■ The task ■
Only lines containing the word "Photo" belong in the answer; copy each one from the records.

■ Dataset content ■
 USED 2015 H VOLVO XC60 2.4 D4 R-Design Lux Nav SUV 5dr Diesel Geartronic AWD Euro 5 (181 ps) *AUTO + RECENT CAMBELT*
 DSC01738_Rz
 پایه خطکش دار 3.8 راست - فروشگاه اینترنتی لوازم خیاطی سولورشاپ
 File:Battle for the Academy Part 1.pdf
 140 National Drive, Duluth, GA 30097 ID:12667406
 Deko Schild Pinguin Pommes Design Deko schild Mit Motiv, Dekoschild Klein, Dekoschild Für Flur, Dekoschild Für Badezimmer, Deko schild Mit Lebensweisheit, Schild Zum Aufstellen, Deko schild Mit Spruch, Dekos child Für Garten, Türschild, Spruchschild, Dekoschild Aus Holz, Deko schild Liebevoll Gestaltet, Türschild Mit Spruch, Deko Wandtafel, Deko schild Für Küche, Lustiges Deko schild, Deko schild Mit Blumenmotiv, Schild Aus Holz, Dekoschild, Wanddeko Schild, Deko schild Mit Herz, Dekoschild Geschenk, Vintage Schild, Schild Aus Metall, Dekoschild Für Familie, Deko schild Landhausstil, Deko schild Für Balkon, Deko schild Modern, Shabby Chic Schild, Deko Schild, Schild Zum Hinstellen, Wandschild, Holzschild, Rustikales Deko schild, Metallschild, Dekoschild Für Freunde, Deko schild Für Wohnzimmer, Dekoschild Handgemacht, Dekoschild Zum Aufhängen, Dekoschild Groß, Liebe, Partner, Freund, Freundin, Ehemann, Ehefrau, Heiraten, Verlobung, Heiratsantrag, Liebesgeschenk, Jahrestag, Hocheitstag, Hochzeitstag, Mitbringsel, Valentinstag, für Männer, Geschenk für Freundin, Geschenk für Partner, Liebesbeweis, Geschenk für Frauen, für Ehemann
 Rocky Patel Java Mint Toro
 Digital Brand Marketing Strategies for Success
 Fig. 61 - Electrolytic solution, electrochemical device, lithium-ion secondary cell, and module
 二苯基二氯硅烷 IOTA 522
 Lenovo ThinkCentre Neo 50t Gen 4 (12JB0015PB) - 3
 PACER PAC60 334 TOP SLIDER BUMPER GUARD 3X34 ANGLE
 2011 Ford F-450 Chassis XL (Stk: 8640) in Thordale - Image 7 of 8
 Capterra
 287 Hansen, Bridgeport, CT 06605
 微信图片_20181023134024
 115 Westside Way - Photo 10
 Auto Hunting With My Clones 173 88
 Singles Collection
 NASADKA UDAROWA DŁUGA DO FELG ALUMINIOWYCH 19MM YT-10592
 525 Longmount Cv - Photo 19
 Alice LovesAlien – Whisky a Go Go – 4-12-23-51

■ Response for this exercise ■
 115 Westside Way - Photo 10
 525 Longmount Cv - Photo 19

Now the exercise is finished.